According to the Report of the case, the challenge by Statoil (and Texaco) to the jurisdiction of the Federal High Court to hear and determine the originating summons was based on the grounds that FIRS was not a party to the arbitration agreement and lacked legal standing to institute the summons; that the Originating Summons constituted an abuse of the court process; that the Originating Summons was filed in violation of the Arbitration and Conciliation Act. It was also contended that the Originating Summons was vexatious, oppressive and an abuse of judicial process based on an allegation of collusion between the NNPC and the FIRS in the filing of the Originating Summons.
The Federal High Court dismissed the objections to its jurisdiction and the request to stay its proceedings and it was this dismissal that went on appeal to the Court of Appeal. In reaching its decision that the Federal High Court was justified to dismiss the objections to its jurisdiction, the Court of Appeal seemed to focus mainly on the question whether the FIRS had locus standi to commence the Originating Summons before the Federal High Court in the extant circumstances. The Court said that considering that a party to an arbitration agreement can challenge the jurisdiction of the tribunal or claim that the arbitration agreement was void, then a person or authority (e.g. FIRS) who was not a party to the arbitration agreement should not be debarred from seeking declaratory remedies from the court, if he complains that the arbitral proceedings or an award made under the arbitral agreement would “constitute an infringement of some provisions of the Constitution or the laws of the land or impede her constitutional and statutory functions, or powers.”

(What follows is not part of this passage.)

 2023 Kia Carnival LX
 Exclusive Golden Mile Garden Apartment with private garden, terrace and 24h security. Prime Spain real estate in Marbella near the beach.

The Court of Appeal also held that the appellant oil companies had made a tacit admission that FIRS had locus standi to commence the Originating Summons by accepting in their affidavit that an arbitral award favourable to them would direct that tax returns prepared by them (rather than NNPC) should be filed with the respondent (FIRS) and had conceded that the FIRS had a statutory duty (inter alia) to assess and collect tax.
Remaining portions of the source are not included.